Los valores son otros. Y no hablo de un valor abstracto, de esos que se escriben en libros viejos y se olvidan en bibliotecas polvorientas. Hablo de algo que se siente, que se respira en la calle, en la conversación, en los ojos de un niño o de un vecino. Es el respeto, la igualdad, la paciencia de escuchar, la ternura hacia el otro.
Esto no es política, amigos. Es la negación de lo que somos.
Los valores, los verdaderos valores, no son esos que se esgrimen como armas para atacar, para destruir, para señalar. Los valores son otros. Son esos que laten, que se sienten, que huelen a tierra mojada y a voces antiguas. Son esos que nos dicen que no estamos solos.
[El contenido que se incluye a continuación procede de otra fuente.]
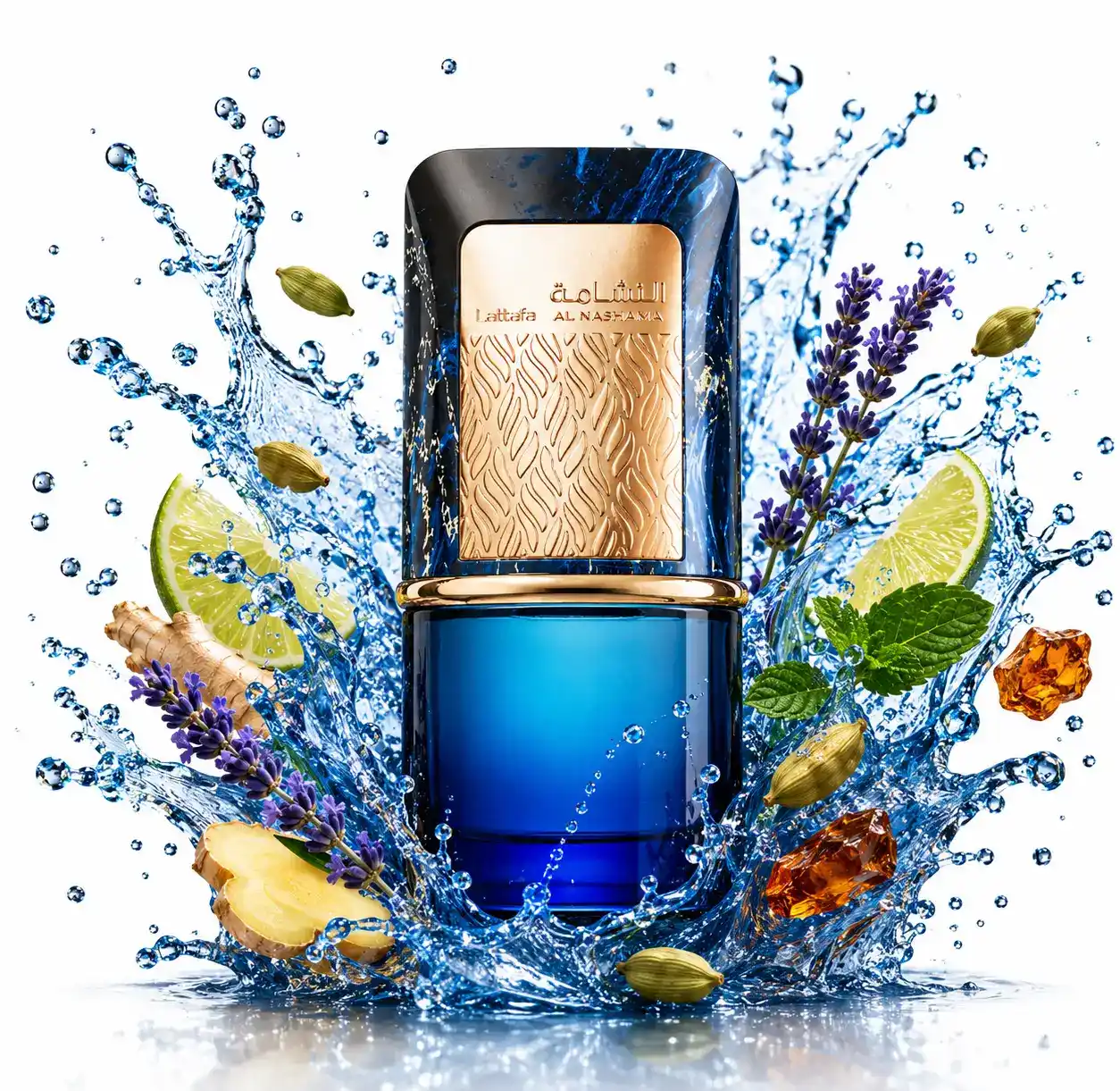 Splash azul alrededor del frasco Al Nashama Caprice Lattafa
Y yo, yo quiero estar con los que recuerdan. No los que borran. Los que olvidan la historia, los que les quitan el rostro a las víctimas, los que convierten el dolor en un dato estadístico, esos no son mis amigos. Y no, no es por una cuestión de votos. No, es por una cuestión de humanidad. De lo que significa ser humano
Los otros, los que se conforman con un pedazo de poder, los que toman el miedo como bandera, esos ya no tienen cabida en mi casa. Y no me vengan con que es “política”, porque la política también tiene una raíz en el corazón. Una raíz que se nutre de respeto, de esos gestos pequeños que nos hacen reconocer al otro como otro. No es solo el hecho de votar, es qué votamos, qué defendemos, qué nos da miedo perder.
Sí, puedo ser amigo de alguien que piensa diferente. Pero hay límites.
No quiero que esto suene a lección ni a prédica. Simplemente hay cosas que uno reconoce, y otras que no puede permitir reconocer. No es política de partidos; es política de humanidad. Y la democracia que defiendo no cabe en los discursos rígidos, en los muros ni en los gritos.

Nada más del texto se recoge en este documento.